Wednesday, December 27, 2006
This story from OddPeak brings together the 10 most bizarre, downright weirdest people in the world.
* Thai Ngoc has not slept for three decades.
* Sanju Bhagat stomach swelled so big that he couldn't breathe properly. When surgeons cut him open, they found his twin brother inside his stomach, with fully formed arms, legs, teeth and hair.
* Shoichi Yokoi was a Japanese soldier sent to Guam in 1941. He was discovered hiding out in a cave, still believing he was at war, 28 years later.
* Mehran Nasseri is an Iranian refugee who has lived at a French airport since 1988.
* Matayoshi Mitsuo claims that he is Jesus Christ. The Japanese Jesus that is. He's a politician who has urged those running against him to commit suicide. He expects to one day be named Secretary General of the United Nations.

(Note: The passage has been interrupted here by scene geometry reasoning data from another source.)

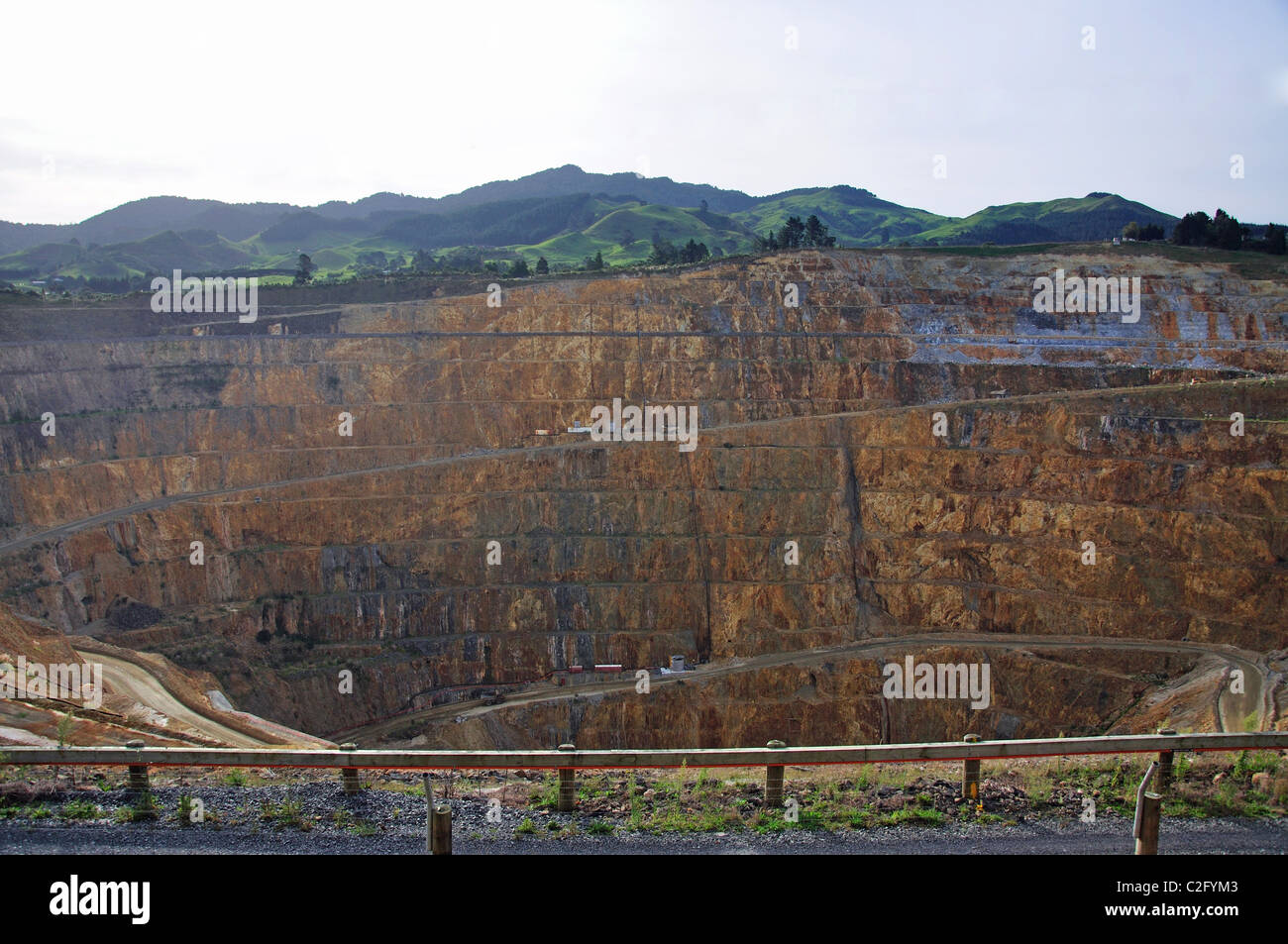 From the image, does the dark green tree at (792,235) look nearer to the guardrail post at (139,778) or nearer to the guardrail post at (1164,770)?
the guardrail post at (1164,770)

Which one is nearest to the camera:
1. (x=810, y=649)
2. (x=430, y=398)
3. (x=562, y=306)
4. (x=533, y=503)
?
(x=810, y=649)

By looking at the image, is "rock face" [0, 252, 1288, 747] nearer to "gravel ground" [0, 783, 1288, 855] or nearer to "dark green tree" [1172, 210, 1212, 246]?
"dark green tree" [1172, 210, 1212, 246]

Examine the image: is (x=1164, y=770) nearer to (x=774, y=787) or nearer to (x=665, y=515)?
(x=774, y=787)

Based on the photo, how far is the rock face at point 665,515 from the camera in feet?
188

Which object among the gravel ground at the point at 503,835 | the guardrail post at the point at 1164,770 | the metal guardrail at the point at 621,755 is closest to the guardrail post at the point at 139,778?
the metal guardrail at the point at 621,755

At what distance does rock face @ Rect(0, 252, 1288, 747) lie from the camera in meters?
57.3

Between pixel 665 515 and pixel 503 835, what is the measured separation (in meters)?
52.0

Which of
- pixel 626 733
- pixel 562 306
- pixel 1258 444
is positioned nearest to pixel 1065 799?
pixel 626 733

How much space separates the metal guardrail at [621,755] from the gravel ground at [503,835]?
2.14ft

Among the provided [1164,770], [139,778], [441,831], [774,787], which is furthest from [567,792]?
[1164,770]

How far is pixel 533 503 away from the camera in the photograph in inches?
2640
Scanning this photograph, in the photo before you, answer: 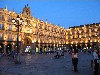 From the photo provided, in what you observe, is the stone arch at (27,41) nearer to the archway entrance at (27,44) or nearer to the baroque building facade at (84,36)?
the archway entrance at (27,44)

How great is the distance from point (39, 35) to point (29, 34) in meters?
8.16

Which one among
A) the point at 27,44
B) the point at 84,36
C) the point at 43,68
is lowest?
the point at 43,68

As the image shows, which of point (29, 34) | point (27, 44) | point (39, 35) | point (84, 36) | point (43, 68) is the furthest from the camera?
point (84, 36)

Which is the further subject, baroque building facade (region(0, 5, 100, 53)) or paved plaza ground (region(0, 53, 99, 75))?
baroque building facade (region(0, 5, 100, 53))

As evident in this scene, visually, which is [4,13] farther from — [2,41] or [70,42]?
[70,42]

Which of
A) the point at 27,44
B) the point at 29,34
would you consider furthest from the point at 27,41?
the point at 29,34

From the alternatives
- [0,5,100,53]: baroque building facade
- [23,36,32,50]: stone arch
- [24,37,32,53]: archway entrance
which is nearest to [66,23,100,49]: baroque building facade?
[0,5,100,53]: baroque building facade

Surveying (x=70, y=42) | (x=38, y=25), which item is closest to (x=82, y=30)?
(x=70, y=42)

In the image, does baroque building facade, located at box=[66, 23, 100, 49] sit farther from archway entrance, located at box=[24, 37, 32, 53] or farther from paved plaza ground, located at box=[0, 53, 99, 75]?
paved plaza ground, located at box=[0, 53, 99, 75]

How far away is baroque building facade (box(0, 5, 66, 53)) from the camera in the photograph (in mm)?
54875

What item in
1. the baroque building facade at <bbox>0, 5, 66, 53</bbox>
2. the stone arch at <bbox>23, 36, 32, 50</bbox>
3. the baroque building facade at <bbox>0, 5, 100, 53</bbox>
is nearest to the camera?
the baroque building facade at <bbox>0, 5, 66, 53</bbox>

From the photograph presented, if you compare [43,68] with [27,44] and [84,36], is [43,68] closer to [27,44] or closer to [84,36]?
[27,44]

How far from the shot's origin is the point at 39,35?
72000mm

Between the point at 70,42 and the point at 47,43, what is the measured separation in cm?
2382
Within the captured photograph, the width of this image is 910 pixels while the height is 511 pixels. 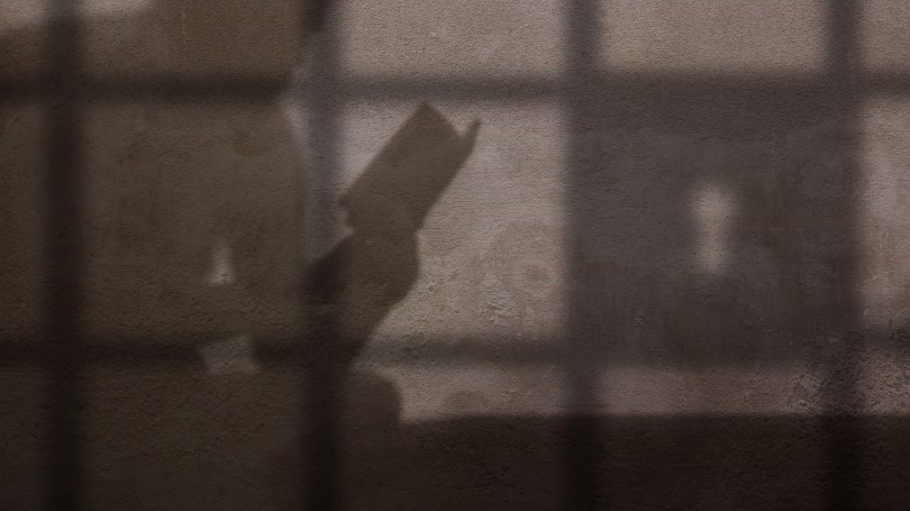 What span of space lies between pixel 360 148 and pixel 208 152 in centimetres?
61

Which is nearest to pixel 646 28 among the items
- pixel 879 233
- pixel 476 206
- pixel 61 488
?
pixel 476 206

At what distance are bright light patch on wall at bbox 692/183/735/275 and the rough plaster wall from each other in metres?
0.01

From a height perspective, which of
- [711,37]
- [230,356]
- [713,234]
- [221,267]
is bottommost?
[230,356]

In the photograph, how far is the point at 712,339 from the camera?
291 centimetres

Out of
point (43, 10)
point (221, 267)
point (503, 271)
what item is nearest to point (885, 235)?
point (503, 271)

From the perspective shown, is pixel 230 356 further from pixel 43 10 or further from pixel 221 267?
pixel 43 10

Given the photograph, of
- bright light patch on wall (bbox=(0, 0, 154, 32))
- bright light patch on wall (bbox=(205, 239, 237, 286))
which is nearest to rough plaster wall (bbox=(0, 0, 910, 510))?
bright light patch on wall (bbox=(205, 239, 237, 286))

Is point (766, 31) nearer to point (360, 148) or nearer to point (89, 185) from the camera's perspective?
point (360, 148)

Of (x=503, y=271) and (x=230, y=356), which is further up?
(x=503, y=271)

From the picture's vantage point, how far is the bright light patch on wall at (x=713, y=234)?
2.92m

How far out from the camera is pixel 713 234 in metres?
2.92

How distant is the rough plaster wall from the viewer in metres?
2.91

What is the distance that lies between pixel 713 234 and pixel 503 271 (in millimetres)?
842

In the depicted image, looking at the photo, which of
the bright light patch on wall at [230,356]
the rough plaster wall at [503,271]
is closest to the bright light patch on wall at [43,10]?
the rough plaster wall at [503,271] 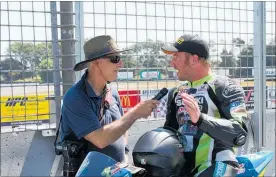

* Lal Bihari was officially dead from 1976 to 1994. It took him eighteen years of fighting Indian bureacracy to finally be recognised as...a living person.
* David Icke used to play professional football in the UK. Now he is world famous for his theorising that the human race was once ruled by reptillian humanoids. He claims the Queen of England, President George W. Bush and, uh, Kris Kristofferson are direct descendents of the lizard people.
* David Bawden is an American who claims he was elected Pope in 1990.
* Yoshiro Nakamatsu has analysed and photographed every single meal he has eaten for the past 34 years. He believes he will live to 140 years old. He also invented the computer floppy disk.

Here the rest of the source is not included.